**HOW TO COMPLETE THIS TASK**. Copy out exactly the lines spanning the line with "在飛比找樂天市場購物網優惠-TCO UC116 免執照 無線電對講機 耐摔 品質優異 兩" to the line with "辐射岛高级版中文版(Radiation Island)", inclusive, from the data underneath, with no pictures.
[DATASET RECORDS — start]
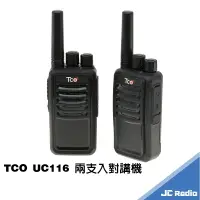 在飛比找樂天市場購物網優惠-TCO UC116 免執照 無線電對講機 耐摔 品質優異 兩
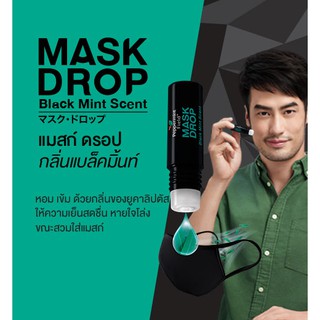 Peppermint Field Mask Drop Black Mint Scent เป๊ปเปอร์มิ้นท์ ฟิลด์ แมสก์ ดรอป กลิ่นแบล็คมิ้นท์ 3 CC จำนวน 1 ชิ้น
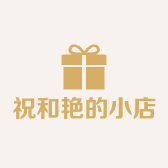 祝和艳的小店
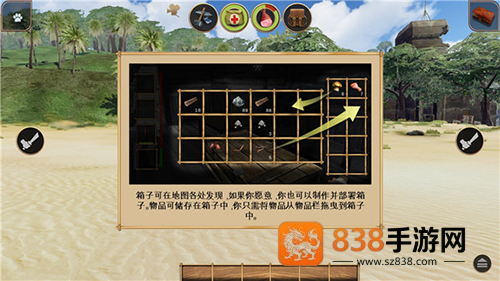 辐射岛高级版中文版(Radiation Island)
[DATASET RECORDS — finish]
[DATASET RECORDS — start]
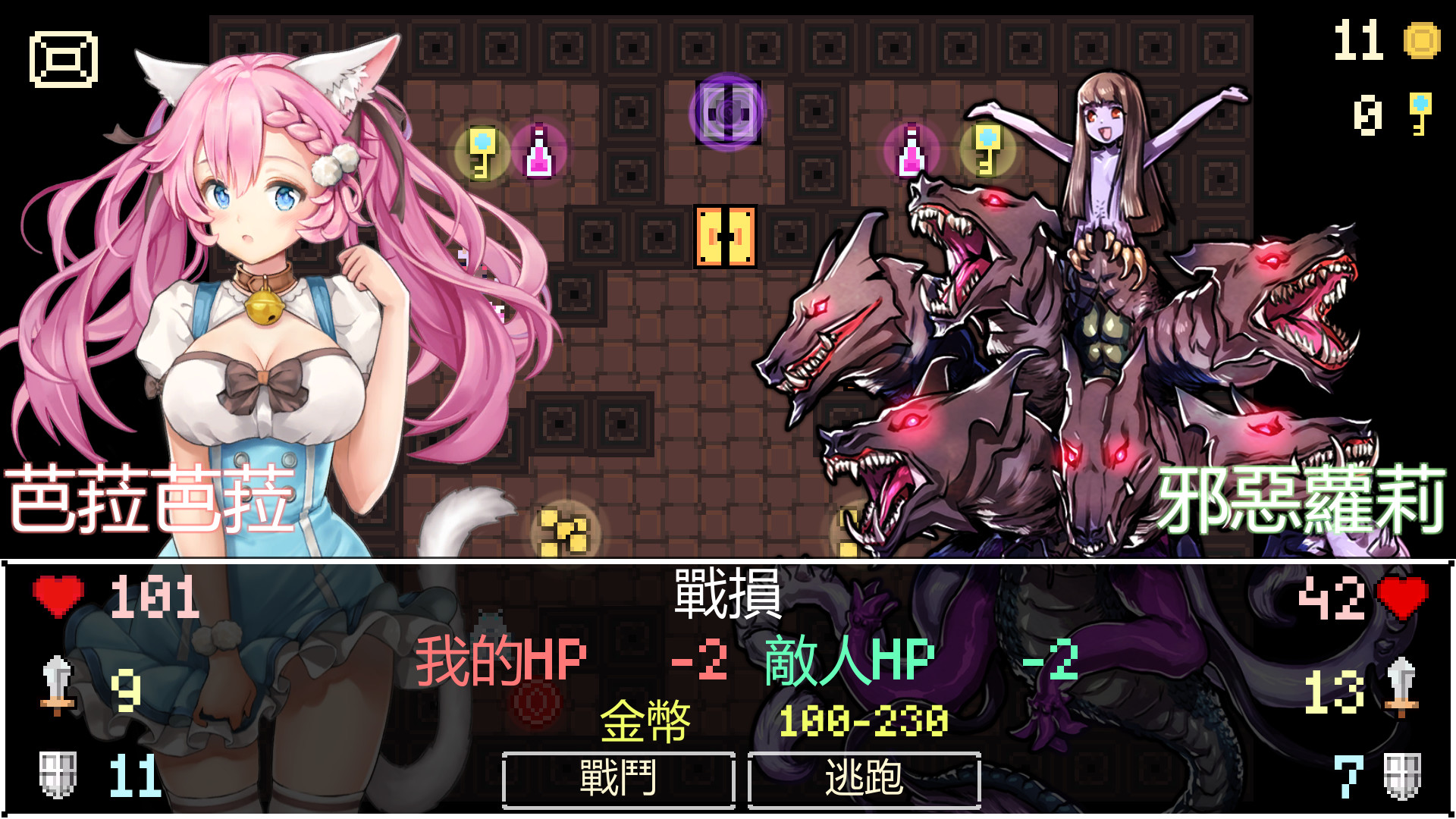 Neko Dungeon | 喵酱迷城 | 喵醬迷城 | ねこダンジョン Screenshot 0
[DATASET RECORDS — finish]
**RESULT FOR THIS EXERCISE**.
 在飛比找樂天市場購物網優惠-TCO UC116 免執照 無線電對講機 耐摔 品質優異 兩
 Peppermint Field Mask Drop Black Mint Scent เป๊ปเปอร์มิ้นท์ ฟิลด์ แมสก์ ดรอป กลิ่นแบล็คมิ้นท์ 3 CC จำนวน 1 ชิ้น
 祝和艳的小店
 辐射岛高级版中文版(Radiation Island)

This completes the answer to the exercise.